Nothing like waking up with your head so stuffy that the act of breathing takes a sheer force of will to accomplish. I cannot imagine how people who suffer from breathing disorders manage to get any air at all on days like this.
Of course, this becomes a metaphor for whatever is going on personally. Sometimes, we hold our breath in anticipation of what might come up next. It isn't necessarily something bad, it's just the fear of the unknown, whatever that might be.
I had a strange dream last night that sort of upset my little apple cart. I dreamed I had a baby girl but for some reason, my brother in law and his wife had the little girl and wouldn't let me take her. They didn't even want me to see her yet I knew she belonged to me and with me.
Strange indeed.
But when I woke up and realized it was just a dream and not a reality, I must confess the first thing that ran through my mind was that at 45 years old, the idea of having an infant in the house presents some not so fun scenarios.
While I still have sleepless nights due to panic attacks and bouts of insomnia, they are infrequent. With an infant, you can pretty much guarantee that there will be sleepless nights for months on end while they adjust to life on the outside of the womb.
I'm not sure what all of this baby talk is really all about.
Guess that is why I'm writing about it to sort it all out.
In an total direction change, I read a comic strip this morning that really had me laughing. Normally a fan of comics anyway, this particular strip appealed to me because like the characters in it, I am not always on target in my aims and ambitions.

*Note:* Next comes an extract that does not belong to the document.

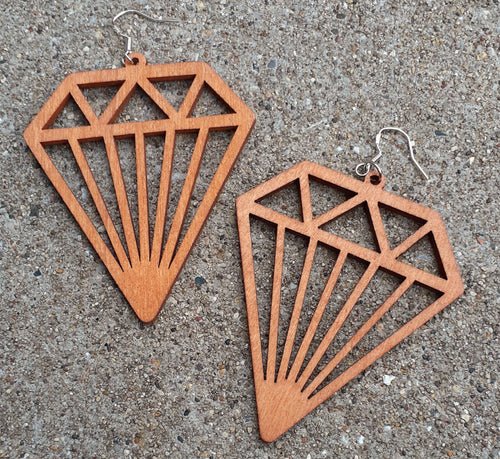 Minimalist Geometric Diamond Earrings Kargo Fresh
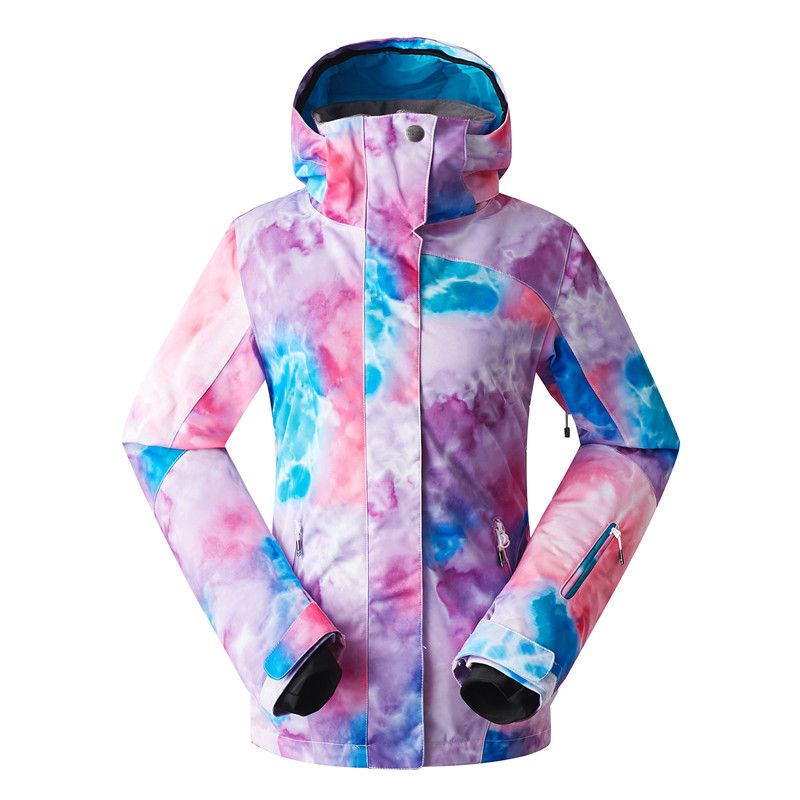001 Gsousnow Suit For Women, Snowboard And Snow Skiing Suit, Waterproof, Windproof, Warm, Breathable Top, Outdoor Ski Jacket_desvips.com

Pearls Before Swine is an irreverent look at the things in life that are supposed to be taboo but which are exploited by the characters as a vehicle for the authors' humor. I must confess that I totally enjoy the strip and the completely looney little world that it represents.
Like the "crockydiles", I find that I often want to be seen as more than I am in reality only to find the mask of circumstance is ripped away to reveal my true person in painful detail.
Because I am trying to learn another language (Spanish), I can totally sympathize with the efforts of the "crokydiles" to appear more sophisticated and learned than they really are. And that is why the comic is so funny. Inevitably, whenever I try to appear sophisticated or worldwise, I manage to come off a weak sister who is a day late and a dollar short.
It's like a scene from one of my favorite movies "Bells Are Ringing" featuring Judy Holliday. She shows up a the house of a famous producer when a party is going on. The guests are busy impressing themselves with the namedropping and schmaltzy behavior that marks them as society wanna be's.
When Judy's character tries to fit into the name game, she finds that her life simply doesn't measure up with the yardstick used by the glamorous guests and she runs from herself and her truth in a vain attempt to fit it.
Needless to say, like most of us in real life, she fails both miserably and publicly in her attempt to 'be one of them'.
Maybe that is what the journey is all about. Learning to just take a breath, be yourself and like who you see in the mirror everyday.